> Material for the task:
- - -

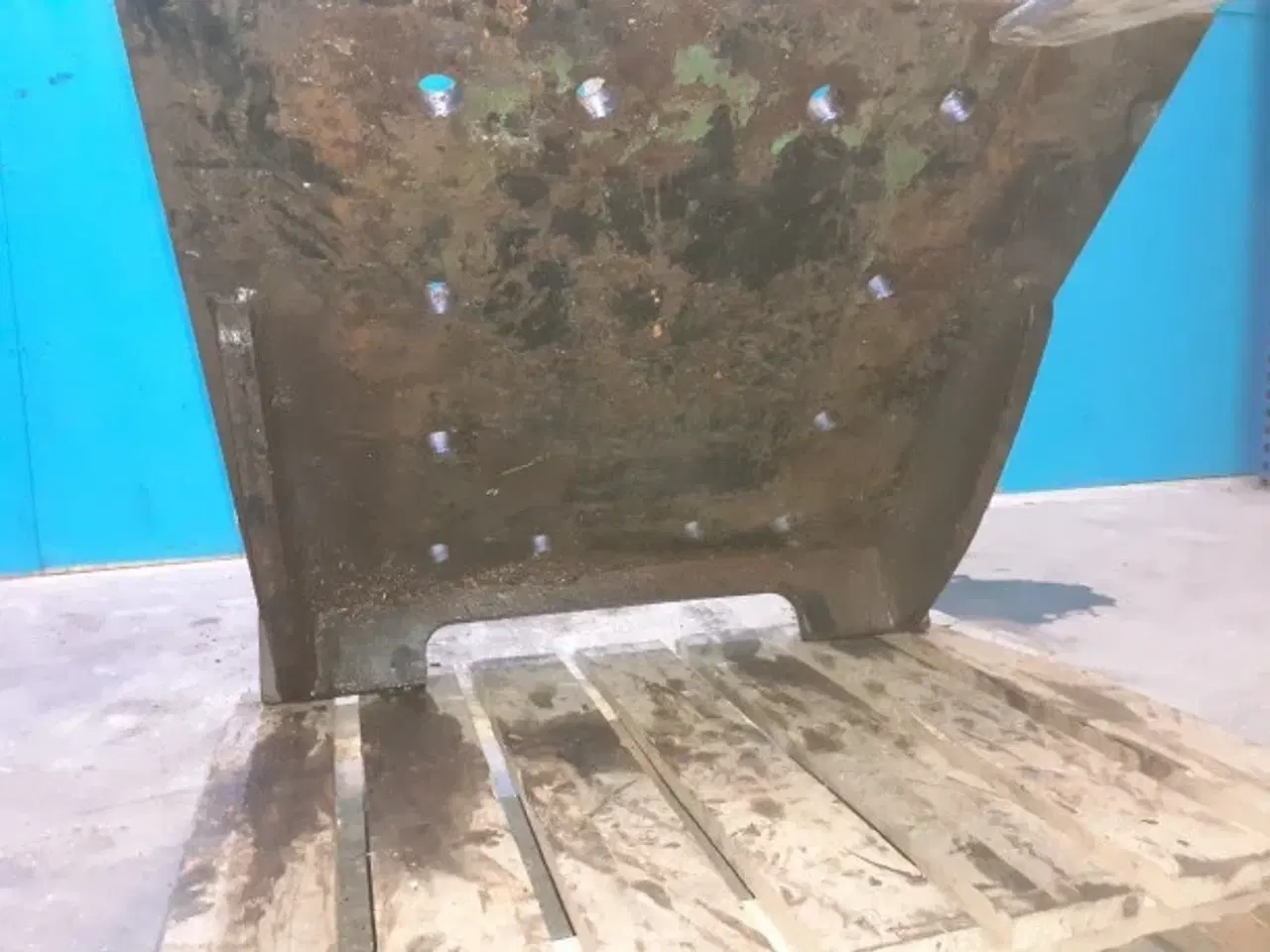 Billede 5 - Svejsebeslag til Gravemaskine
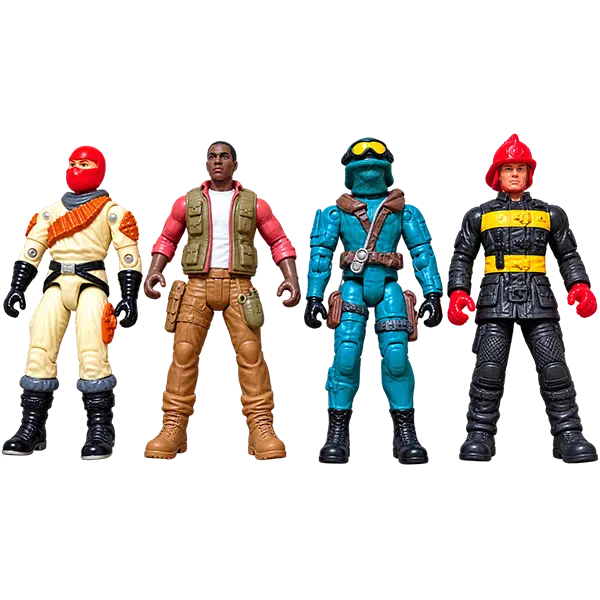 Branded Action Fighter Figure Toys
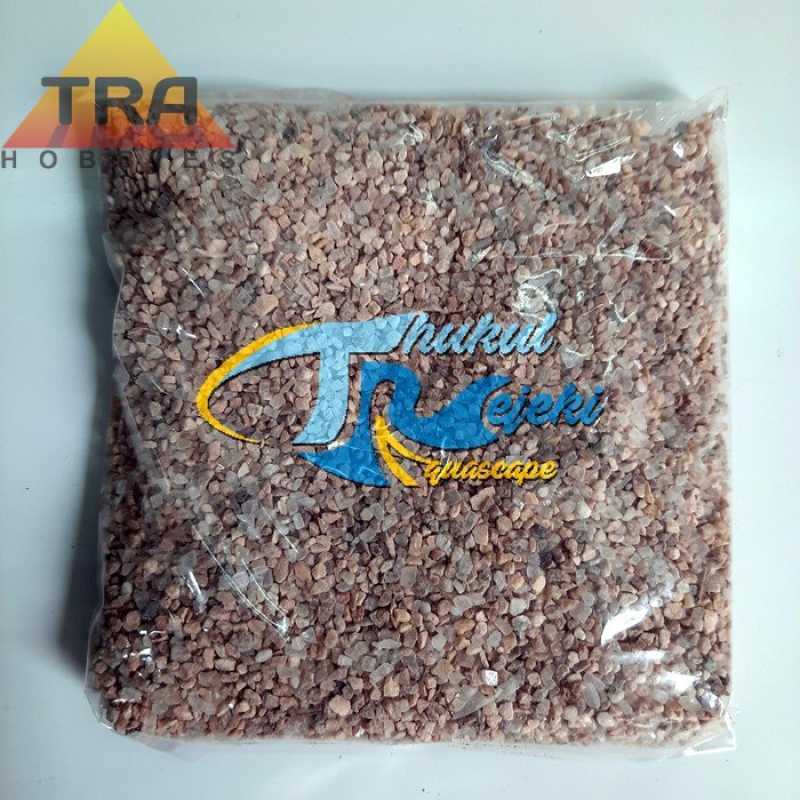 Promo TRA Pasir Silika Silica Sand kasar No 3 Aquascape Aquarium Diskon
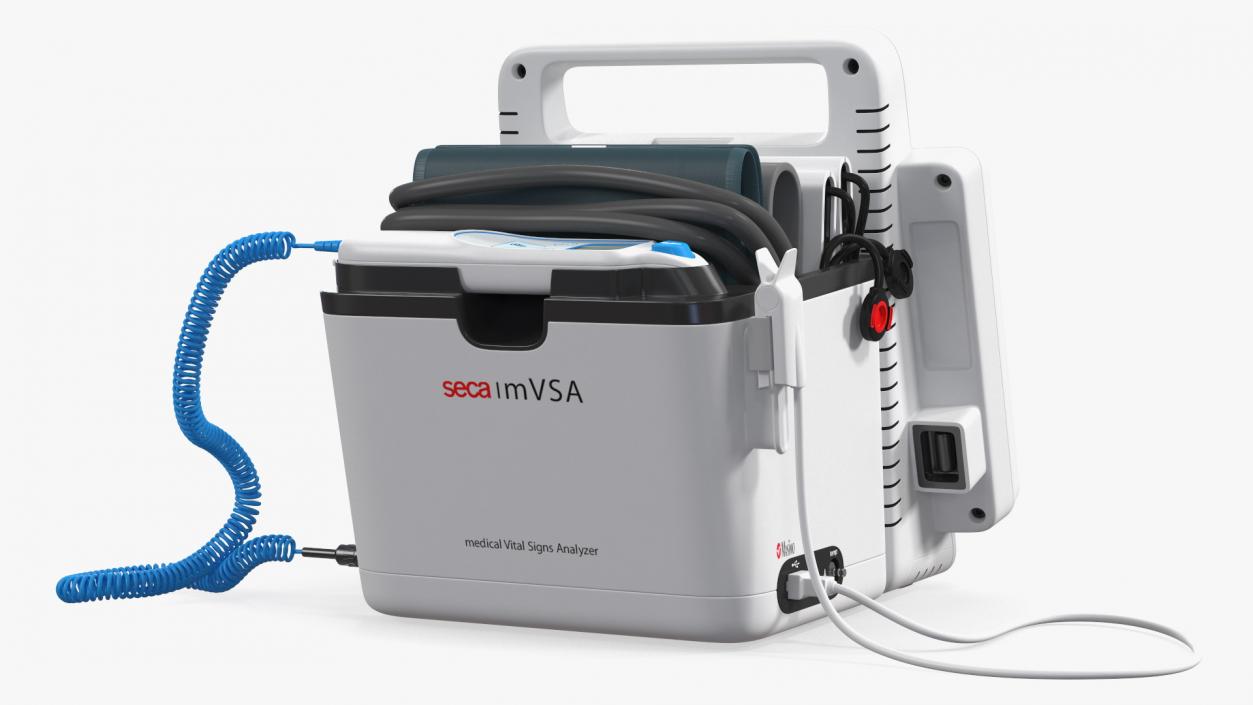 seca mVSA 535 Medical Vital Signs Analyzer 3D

- - -

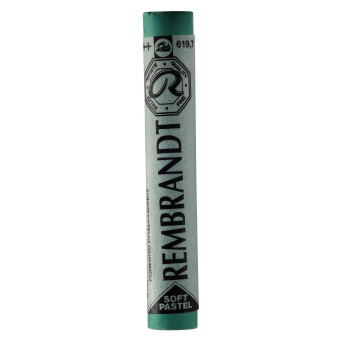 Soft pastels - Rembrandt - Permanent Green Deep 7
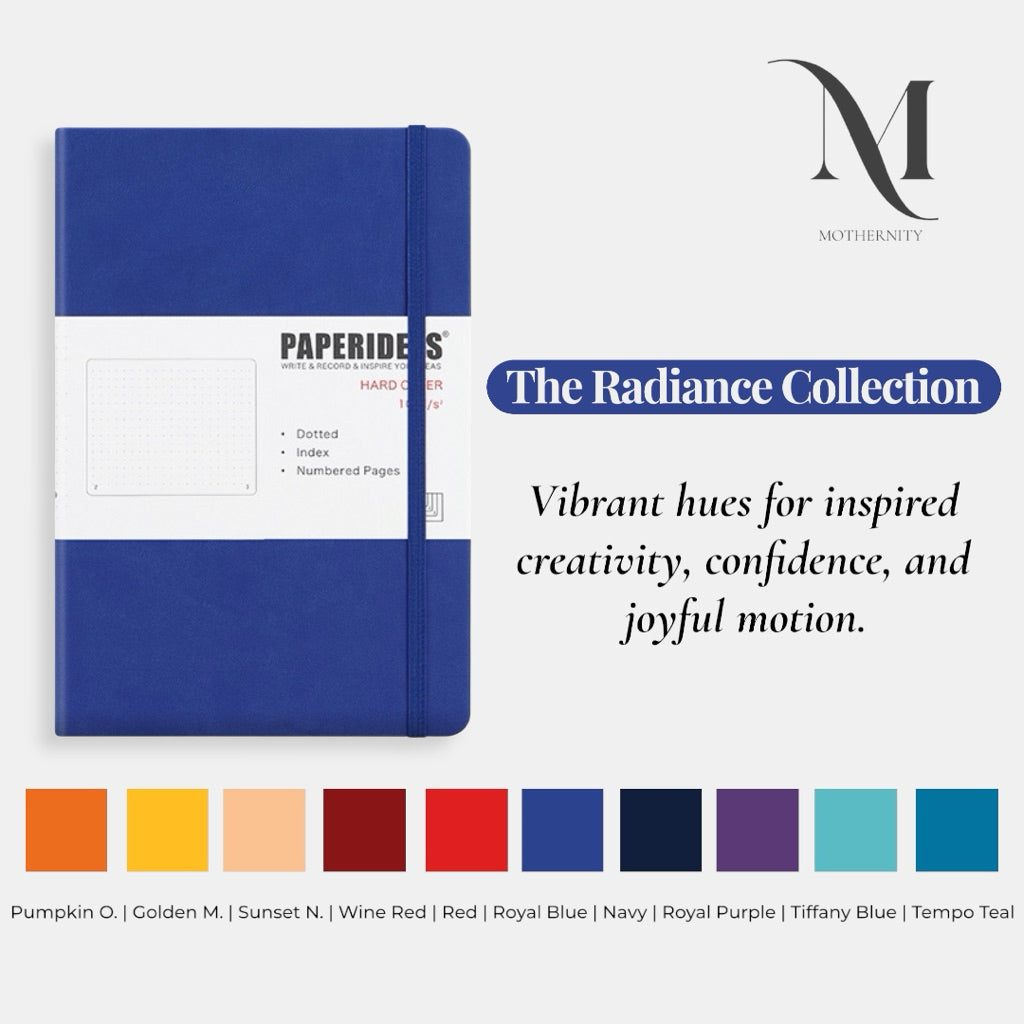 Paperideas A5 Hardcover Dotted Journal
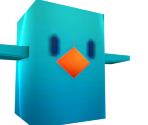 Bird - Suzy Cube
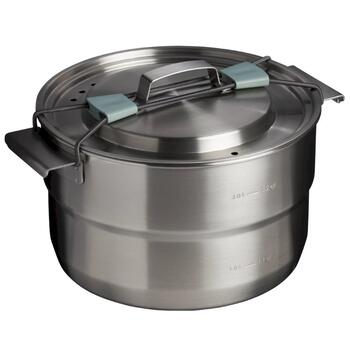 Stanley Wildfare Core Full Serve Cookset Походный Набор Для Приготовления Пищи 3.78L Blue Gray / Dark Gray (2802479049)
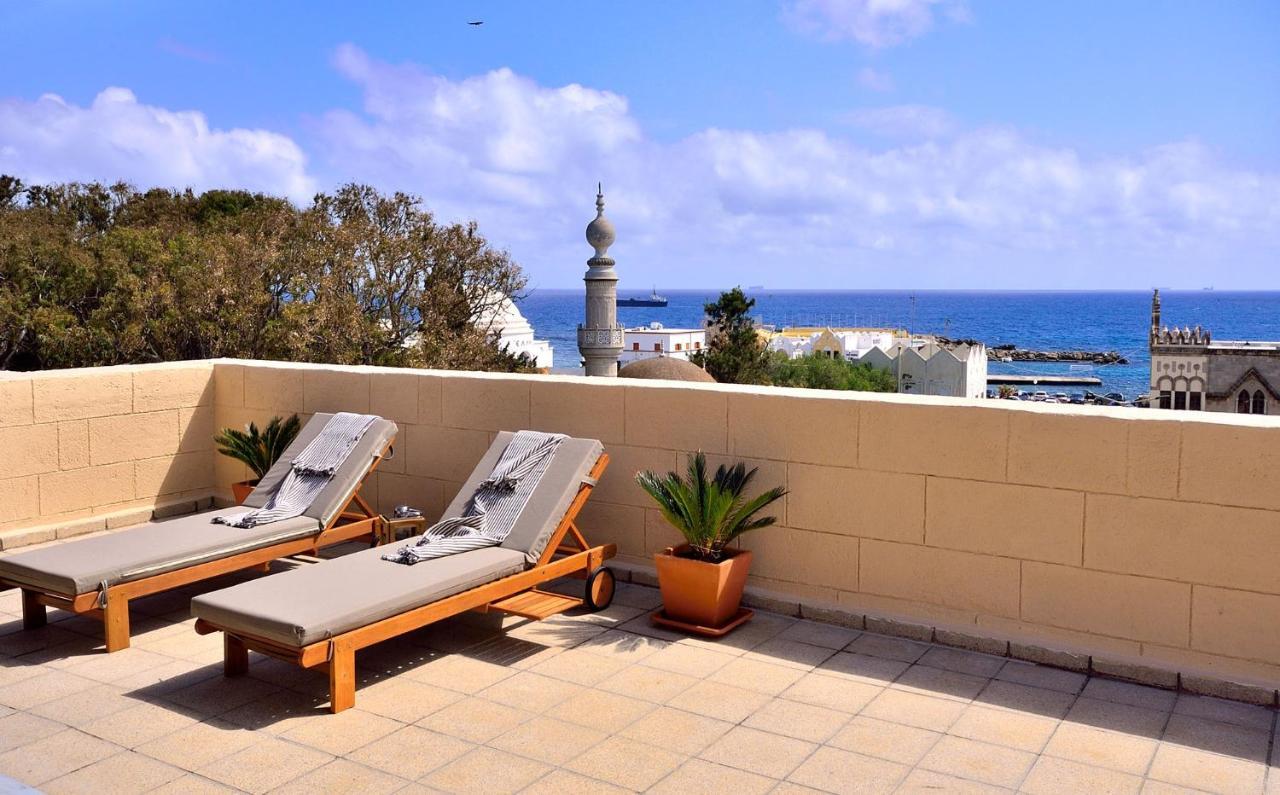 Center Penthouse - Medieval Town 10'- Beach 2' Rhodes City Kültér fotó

- - -

> Exercise directions:
Copy only these lines from the records above, exactly: the one with "Billede 5 - Svejsebeslag til Gravemaskine", the one with "seca mVSA 535", and those between. Skip the pictures.

> Response to this task:
 Billede 5 - Svejsebeslag til Gravemaskine
 Branded Action Fighter Figure Toys
 Promo TRA Pasir Silika Silica Sand kasar No 3 Aquascape Aquarium Diskon
 seca mVSA 535 Medical Vital Signs Analyzer 3D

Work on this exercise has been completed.